🎉 Hello, World! This is the first release candidate of v0.7.3 for vllm-ascend. Please follow the [official doc](https://vllm-ascend.readthedocs.io/en/v0.7.3-dev) to start the journey.
- Quickstart with container: https://vllm-ascend.readthedocs.io/en/v0.7.3-dev/quick_start.html
- Installation: https://vllm-ascend.readthedocs.io/en/v0.7.3-dev/installation.html
Highlights
- DeepSeek V3/R1 works well now. Read the [official guide](https://vllm-ascend.readthedocs.io/en/v0.7.3-dev/tutorials/multi_node.html) to start! [#242](https://github.com/vllm-project/vllm-ascend/pull/242)
- Speculative decoding feature is supported. [252](https://github.com/vllm-project/vllm-ascend/pull/252)

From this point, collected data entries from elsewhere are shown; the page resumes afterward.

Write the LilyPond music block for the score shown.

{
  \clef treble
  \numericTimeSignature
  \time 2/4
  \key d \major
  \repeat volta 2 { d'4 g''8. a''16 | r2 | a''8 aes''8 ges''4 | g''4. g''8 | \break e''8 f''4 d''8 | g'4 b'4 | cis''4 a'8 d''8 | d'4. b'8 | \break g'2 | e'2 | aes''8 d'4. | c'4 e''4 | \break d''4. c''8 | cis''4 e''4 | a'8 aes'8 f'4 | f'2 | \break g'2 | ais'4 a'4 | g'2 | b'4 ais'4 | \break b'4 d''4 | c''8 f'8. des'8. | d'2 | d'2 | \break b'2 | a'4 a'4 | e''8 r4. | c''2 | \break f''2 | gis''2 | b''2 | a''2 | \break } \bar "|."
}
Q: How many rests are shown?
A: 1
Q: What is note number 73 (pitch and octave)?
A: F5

- Multi step scheduler feature is supported. [300](https://github.com/vllm-project/vllm-ascend/pull/300)
Core
- Bump torch_npu version to dev20250308.3 to improve `_exponential` accuracy
- Added initial support for pooling models. Bert based model, such as `BAAI/bge-base-en-v1.5` and `BAAI/bge-reranker-v2-m3` works now. [229](https://github.com/vllm-project/vllm-ascend/pull/229)
Model
- The performance of Qwen2-VL is improved. [241](https://github.com/vllm-project/vllm-ascend/pull/241)
- MiniCPM is now supported [164](https://github.com/vllm-project/vllm-ascend/pull/164)
Other
- Support MTP(Multi-Token Prediction) for DeepSeek V3/R1 [236](https://github.com/vllm-project/vllm-ascend/pull/236)
- [Docs] Added more model tutorials, include DeepSeek, QwQ, Qwen and Qwen 2.5VL. See the [official doc](https://vllm-ascend.readthedocs.io/en/v0.7.3-dev/tutorials/index.html) for detail
- Pin modelscope<1.23.0 on vLLM v0.7.3 to resolve: https://github.com/vllm-project/vllm/pull/13807
Known issues
- In some cases, expecially when the input/output is very long with VL model, the accuracy of output may be incorrect. You may see many `!` or some other unreadable code in the output. We are working on it. It'll be fixed in the next release.
- Improved and reduced the garbled code in model output. But if you still hit the issue, try to change the gerneration config value, such as `temperature` and try again. Any [feedback](https://github.com/vllm-project/vllm-ascend/issues/267) is welcome. [#277](https://github.com/vllm-project/vllm-ascend/pull/277)